EXERCISE: Although the data below contains pictures, output only the lines between those holding "We've got padding" and "So all you do", inclusive, exactly and without those pictures.

PROVIDED RECORDS:
#####

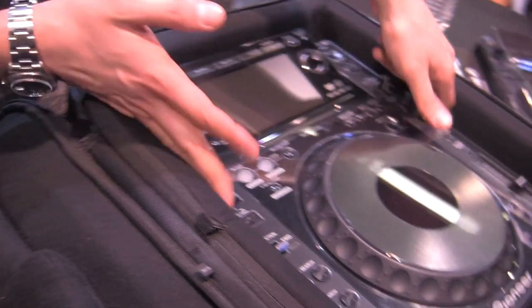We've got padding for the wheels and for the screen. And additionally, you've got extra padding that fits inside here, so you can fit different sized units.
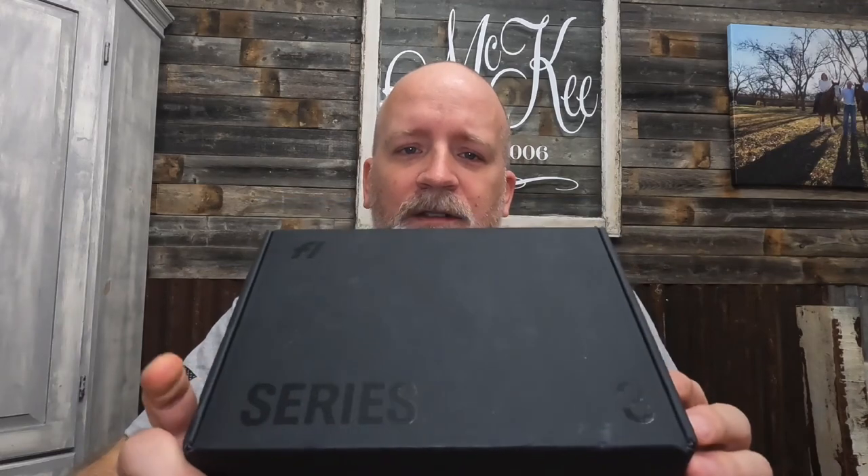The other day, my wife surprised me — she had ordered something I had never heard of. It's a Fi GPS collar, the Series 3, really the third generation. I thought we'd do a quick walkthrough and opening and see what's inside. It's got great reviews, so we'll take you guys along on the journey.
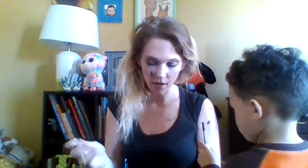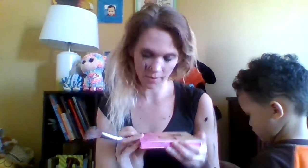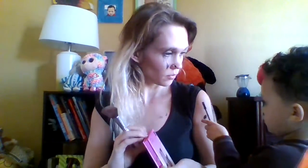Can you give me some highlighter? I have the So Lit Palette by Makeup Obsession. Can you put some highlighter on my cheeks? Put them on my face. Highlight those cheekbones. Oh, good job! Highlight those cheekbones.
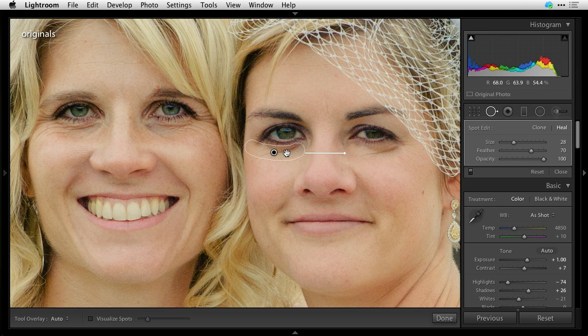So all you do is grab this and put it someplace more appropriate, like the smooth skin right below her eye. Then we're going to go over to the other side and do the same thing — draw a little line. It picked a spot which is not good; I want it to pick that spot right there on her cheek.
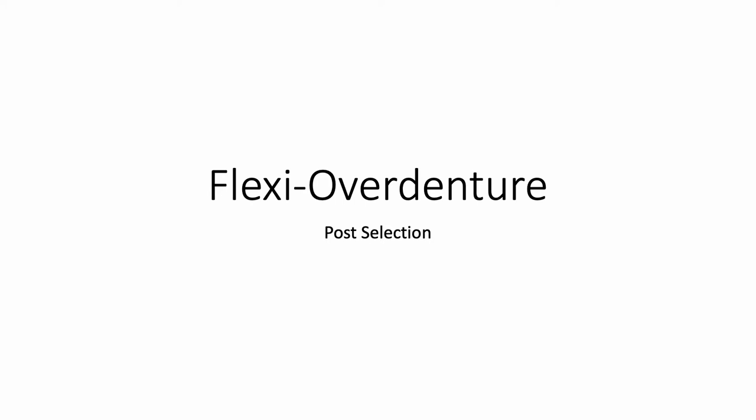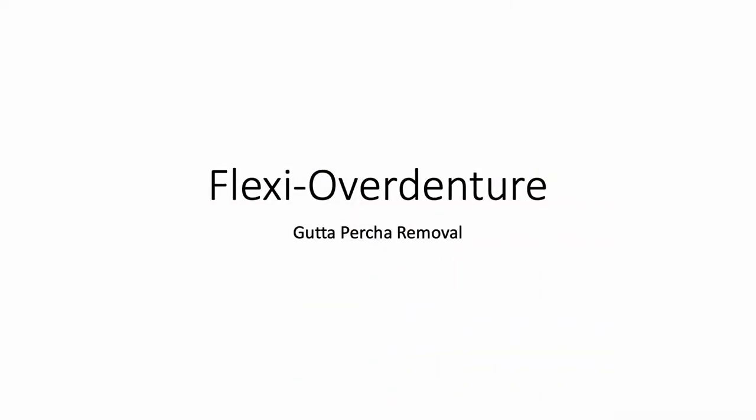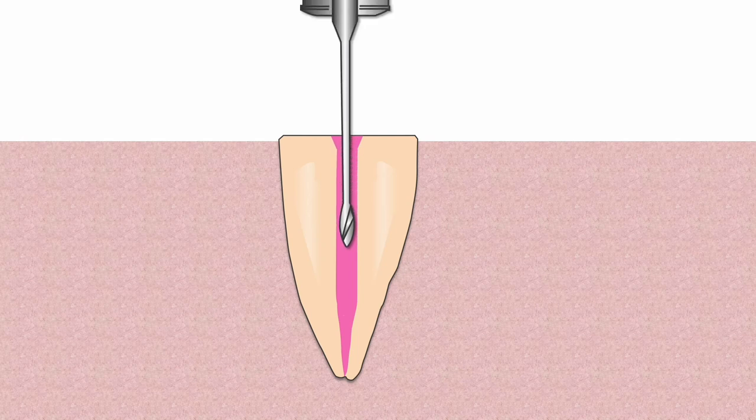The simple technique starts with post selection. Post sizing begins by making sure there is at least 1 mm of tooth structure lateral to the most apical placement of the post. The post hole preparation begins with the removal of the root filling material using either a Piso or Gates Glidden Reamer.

#####

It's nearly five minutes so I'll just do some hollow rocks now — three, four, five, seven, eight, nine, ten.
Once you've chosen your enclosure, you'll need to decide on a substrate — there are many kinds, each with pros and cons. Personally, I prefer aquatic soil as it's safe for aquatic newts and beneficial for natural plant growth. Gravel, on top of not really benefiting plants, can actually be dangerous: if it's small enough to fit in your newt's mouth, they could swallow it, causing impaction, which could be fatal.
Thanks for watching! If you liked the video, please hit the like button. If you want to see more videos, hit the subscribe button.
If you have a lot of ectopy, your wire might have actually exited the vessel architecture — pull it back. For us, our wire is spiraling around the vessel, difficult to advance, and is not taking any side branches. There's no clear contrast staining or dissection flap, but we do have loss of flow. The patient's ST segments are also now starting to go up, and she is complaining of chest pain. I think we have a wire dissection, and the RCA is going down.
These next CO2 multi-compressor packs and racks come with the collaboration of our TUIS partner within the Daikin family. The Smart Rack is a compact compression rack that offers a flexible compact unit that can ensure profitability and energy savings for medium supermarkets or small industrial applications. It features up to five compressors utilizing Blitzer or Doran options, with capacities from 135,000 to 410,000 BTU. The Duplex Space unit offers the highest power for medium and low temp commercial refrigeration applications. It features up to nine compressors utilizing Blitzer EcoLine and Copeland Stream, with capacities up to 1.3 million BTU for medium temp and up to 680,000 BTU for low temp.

#####

SOLUTION:
We've got padding for the wheels and for the screen. And additionally, you've got extra padding that fits inside here, so you can fit different sized units.
The other day, my wife surprised me — she had ordered something I had never heard of. It's a Fi GPS collar, the Series 3, really the third generation. I thought we'd do a quick walkthrough and opening and see what's inside. It's got great reviews, so we'll take you guys along on the journey.
Can you give me some highlighter? I have the So Lit Palette by Makeup Obsession. Can you put some highlighter on my cheeks? Put them on my face. Highlight those cheekbones. Oh, good job! Highlight those cheekbones.
So all you do is grab this and put it someplace more appropriate, like the smooth skin right below her eye. Then we're going to go over to the other side and do the same thing — draw a little line. It picked a spot which is not good; I want it to pick that spot right there on her cheek.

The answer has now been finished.